_DIRECTIONS FOR THIS TASK_.
The lines from the one with "Westerleigh TV-bänk 152x50" through the last line of the material below, copied exactly and free of pictures, make up the whole answer.

_EXCERPTED RECORDS_.
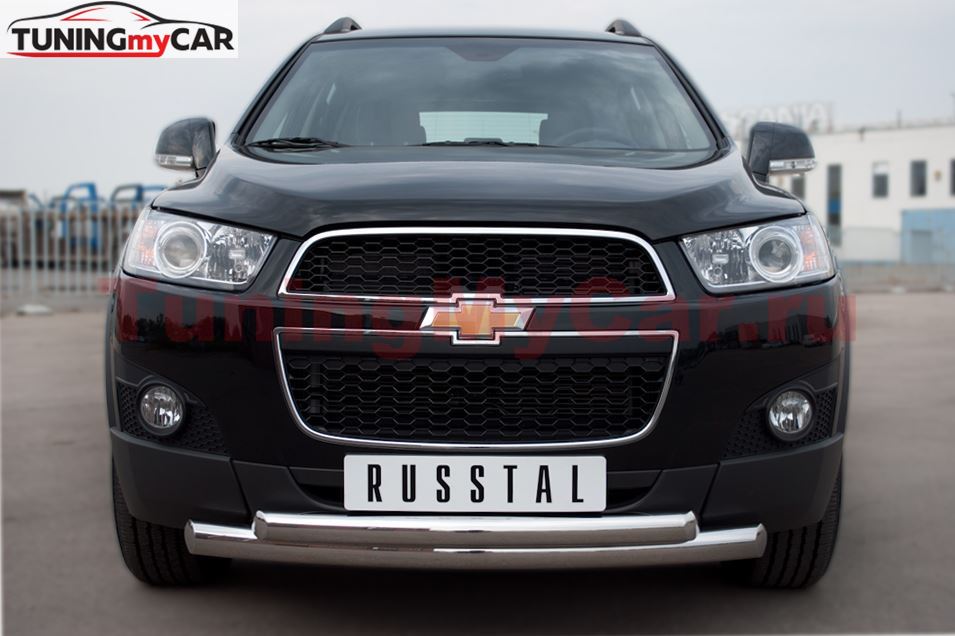 Защита переднего бампера D76/63 (дуга) для Chevrolet Captiva 2011-2013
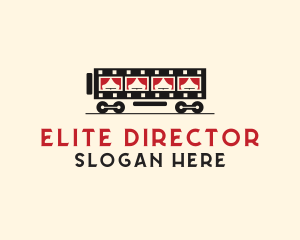 Director - Film Strip Train logo design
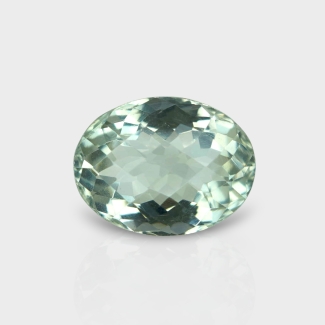 Green Amethyst 17.92x13.81mm Checkerboard Oval AAA Loose Gemstone - 181605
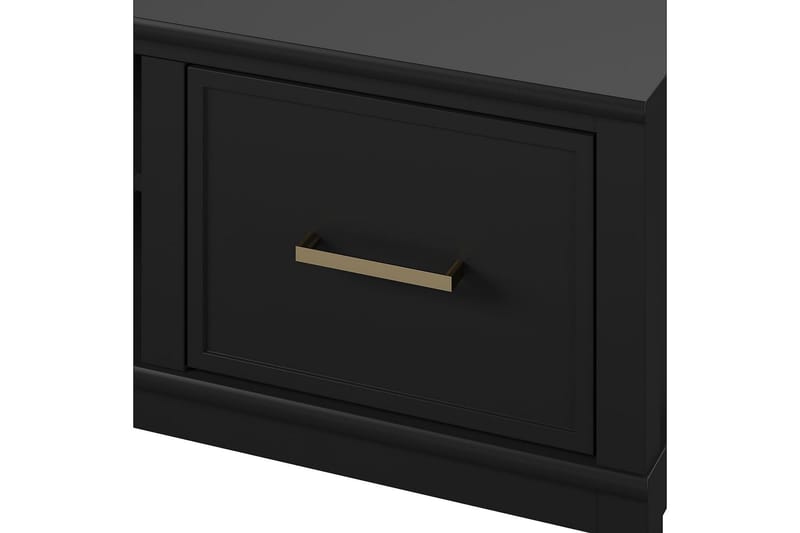 Westerleigh TV-bänk 152x50 cm Svart - Möbler - Tv möbel & mediamöbel - TV bänk & mediabänk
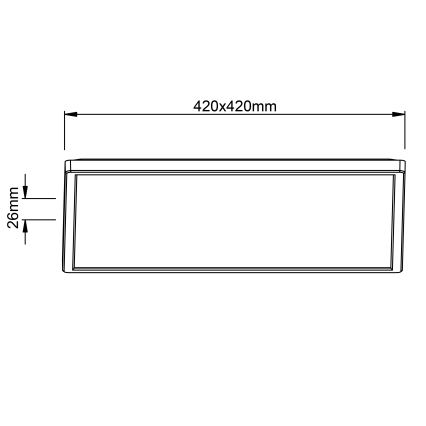 Brilliant - LED таванно осветително тяло MILTON LED/24W/230V 42x42 см бяло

_ANSWER BELOW_.
 Westerleigh TV-bänk 152x50 cm Svart - Möbler - Tv möbel & mediamöbel - TV bänk & mediabänk
 Brilliant - LED таванно осветително тяло MILTON LED/24W/230V 42x42 см бяло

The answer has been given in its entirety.